Because of declining enrollment and a continuing drop in state investment, the district will cut 6.4 teachers and five non-teaching staff members. The district will cut $820,000 in supplies and other services and will raise activity fees by $10.
Mounds View spokesman Colin Sokolowski said enrollment has been dropping steadily for years and forced the closure of two schools in 2005. He said enrollment is dropping because the district has little land for new housing and the residents are aging. Yearly losses of 250 students are common and have counteracted any previous state increases for inflation. Now that cuts in state aid seem imminent, school officials are bracing for the worst.
That’s where the survey comes in. The district will use the findings to attract families to Mounds View – although Sokolowski was careful to say the district isn’t poaching students from other districts. He said Mounds View has an 80 percent “capture rate” of students in the district; they simply want to attract students who might otherwise attend private schools or charter schools or are home schooled, he said.
The survey was conducted during one week in April. An e-mail was sent to about 5,000 parents in the seven communities served by the Mounds View district inviting them to participate in the opt-in, on-line survey. About 280 parents responded.
More than 99 percent of parents said quality teachers were the most important school district characteristic, followed by 91.5 percent who said a caring/respectful environment was important, and 94 percent that said safe schools was important.
These results were mirrored when asked about satisfaction. About 88 percent were satisfied with the quality of the teachers, 85 percent were satisfied with the respectful environment, and 93 percent were satisfied with the safety at the schools.
Sokolowski said he was very happy to see the results of the safety question.
“There’s this myth that schools are rough and unsafe and that sometimes turns people away from public schools. Our schools are safe. This survey helps us chip away at that myth,” he said.
Education funding statewide has dropped an inflation-adjusted 13 percent since 2003. In Mounds View, state education funding dropped 10 percent.
How connected a student feels to school is important to how they perform in school: connected students tend to do better on tests and drop out less. The vast majority of Mounds View parents said the teachers, curriculum, coaches and the physical environment were successful at keeping their children connected to school
With fewer dollars come fewer teachers, and thus fewer courses offered. Comparable districts in the Twin Cities offer world language instruction in middle and elementary schools. Mounds View does not. Next year, Spanish will be offered in Mounds View middle and elementary schools but the district will do so without adding any new teachers. To add Spanish instruction, family and consumer science will no longer be offered at the middle schools, and arts offerings will be downscaled. There will also be some reduction in technical education and business education.

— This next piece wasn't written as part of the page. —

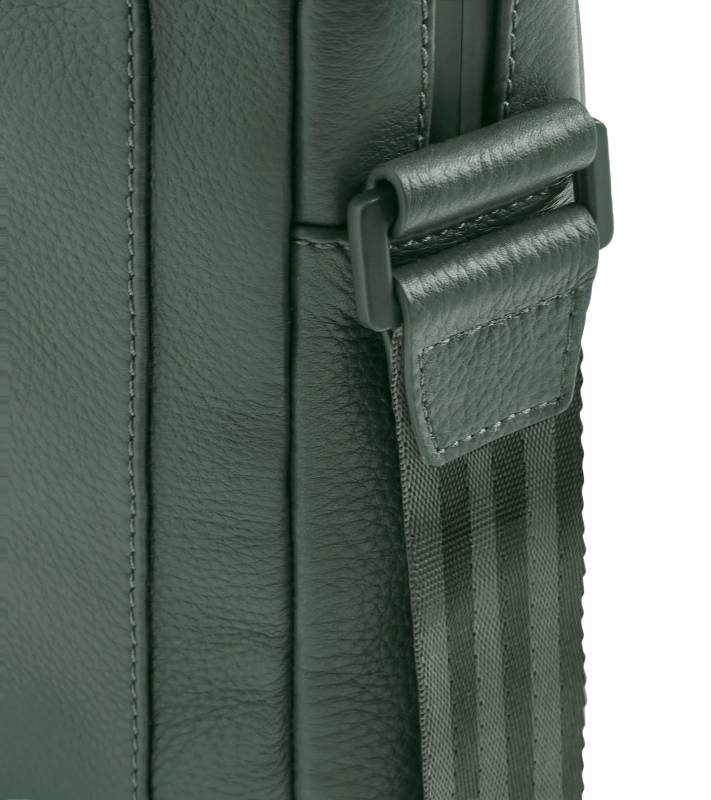 PORSCHE DESIGN Roadster Leather Shoulderbag XS Taška kožená malé velikosti přes rameno zelená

“It was cost-neutral,” Sokolowski said.
Mounds View has its successes. Mounds View High School was one of 13 Minnesota schools to earn a silver medal as a top high school by U.S. News & World Report. The magazine analyzed more than 21,000 public high schools and awarded medals using Advanced Placement and International Baccalaureate tests as benchmarks.
This recent honor, along with the April survey and the shifts in teaching to meet parent demands, shows that Mounds View educators are doing their job.
Often we hear of school districts that are in financial or educational crisis. Think what a high-functioning district like Mounds View could do with a fully funded toolbox? Parents value quality teachers. It doesn’t make sense that Mounds View would have to cut 6.4 teachers and reorganize the classes they offer simply to add Spanish just because statewide politicians pander to a small “no new taxes” fringe.
We all benefit from a quality education. Mounds View schools, as their parent survey demonstrates, are performing to a high community satisfaction standard. We shouldn’t allow any Minnesota school to be held hostage to ideologically-driven public policy. For a strong future, all of our kids deserve better.